I first saw Kodo perform at Ryerson Polytechnical Institute in Toronto in 1982. I was completely blown away by their perfection, physical stamina, and spiritual presentation. Since I was only 13 at the time, I never even thought joining them would be an option. However, throughout university, I would see them a few more times and meet the acquaintance of some of Kodo’s performers. By the time I graduated from U of T, and after 10 years in Toronto Suwa daiko, I realized that I wanted to further my studies of taiko and go to the country of my ancestry where it all came from.

How did you apply? What was your reaction to being accepted?

My first attempt to become an apprentice with Kodo was to write a letter to them (translated in Japanese) from Canada. No reply. So, I decided to move to Tokyo to live with my cousin and teach English part-time and to write them again from Japan. After a couple of more attempts, they finally called me back and set up an interview in Tokyo where they were performing. I prepared for the interview, which was conducted in Japanese, by having prepared answers to every possible question I thought they would ask.

Why were you chosen?

I’m not sure why I was chosen except perhaps my determination.

Was being Nikkei a factor?

I don’t think being a Nikkei was a factor. In fact, it was probably a detriment since up until that time no foreigner had ever been accepted as a member of Kodo.

Their lifestyle on Sado is well known for being spartan and very demanding. What was a typical day for you when you were there?

A typical day would be to rise at 4:30 a.m. and go for a 10 km jog at 4:50 a.m. That would be followed by breakfast (prepared by one of the six apprentices on a cooking rotation), cleaning, stretching, and finally drumming from 9 a.m. to 12 noon. Lunch would be at 12 p.m., then more practising from 2 p.m. to 6 p.m. That was followed by more individual practise through the evening. This happened 6 days a week for a year. In December, the apprentices ran the length of a marathon as part of the training.

First day of apprenticeship to Kodo, April 1993. Photo taken by Yuko Maeda. Photo courtesy of Kiyoshi Nagata.

Where did you live?

The six apprentices lived in an old converted schoolhouse by Mano Bay, Sado Island which was about a 45-minute drive from where the main Kodo troupe rehearsed.

What did you eat?

As we had to prepare meals on a tight budget, the diet consisted mainly of vegetables, rice, misoshiru, eggs, and some meat.

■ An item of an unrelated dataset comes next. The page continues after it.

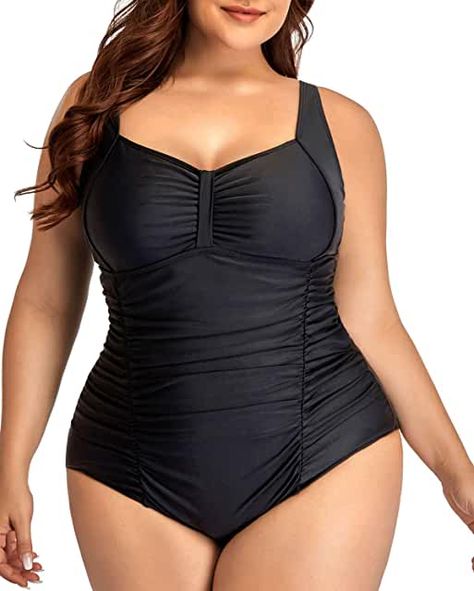 Amazon.com: Plus Size - Clothing: Women's Fashion Large Size Swimwear, Ruched Swimwear, Retro One Piece Swimsuits, Retro Bathing Suits, Ruched Swimsuit, Retro Swimwear, Plus Size One Piece, Vintage Swimwear, One Piece Swimsuits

Was running part of the regimen? Did you communicate in Japanese or English? Did you go with much Japanese speaking ability?

As I was the only non-Japanese apprentice, daily life was conducted in Japanese although luckily, one of the other apprentices spoke a little English. This was extremely helpful as my Japanese was still only intermediate at best. Nonetheless, I tried my best to communicate in Japanese. By the end of the year, myself and another female apprentice were accepted as probationary members of Kodo. However, I didn’t feel worthy of being accepted and was really struggling with the lifestyle, so I ended up turning down their offer and moved back to Toronto.

Kiyoshi Nagata, 1993. Photo by Yoko Fujimoto. Photo courtesy of Kiyoshi Nagata.

Was there ever a point when you thought that you would like to stay in Japan?

Living on Sadogashima was quite harsh and sometimes extreme and I never pictured myself living there long term. However, I did enjoy living in Tokyo and wanted to stay there after returning from Sado but finances were not on my side.

You came back, why?

I came back because I realized that I didn’t fit in with the Kodo way of life and my struggles of not being able to communicate clearly and eloquently in Japanese. I also felt like I could do more good returning to Toronto, and helping to spread the sound of taiko in Canada.

Are you still in contact with Kodo?

I continued to stay in touch with Kodo initially, but over the years, many of the players I knew started to retire. The Kodo today is a much different one that existed in the early ’90s.

Your given name is “Gary” but do you prefer Kiyoshi now?

Professionally, I go by the name Kiyoshi. It’s just a way to separate my professional from personal life. People who have known me up until university still call me Gary. I started using my Japanese name when I moved to Japan, as Gary could not properly be pronounced. People would either refer to me as Ga-ri or Ge-ri (which translates to diarrhea!).

What was the taiko/Japanese music landscape in Toronto when you arrived back? What happened next?

Not much was happening in the taiko scene in Toronto. I did not want to return to Toronto Suwa Daiko, so I decided to play taiko freelance as a soloist. In the first few years when I returned, I helped to form Isshin Daiko at the Toronto Buddhist Church and Do-Kon Daiko in Burlington in 1995. I also formed a cross-cultural percussion and music group called Humdrum featuring Afro-Caribbean, Indian, Chinese, Japanese, and Western classical musicians. I also did some work in live theatre and radio.

Isshin Daiko, spring 1995.

To me, your music is remarkable in that while it is a very traditional type of music, you have found ways to bridge it with so many other cultures and genres. Your taiko is very “Toronto” in that it represents our great cultural mosaic. How intentional then are these collaborations with Indian tabla, Korean musicians, and others?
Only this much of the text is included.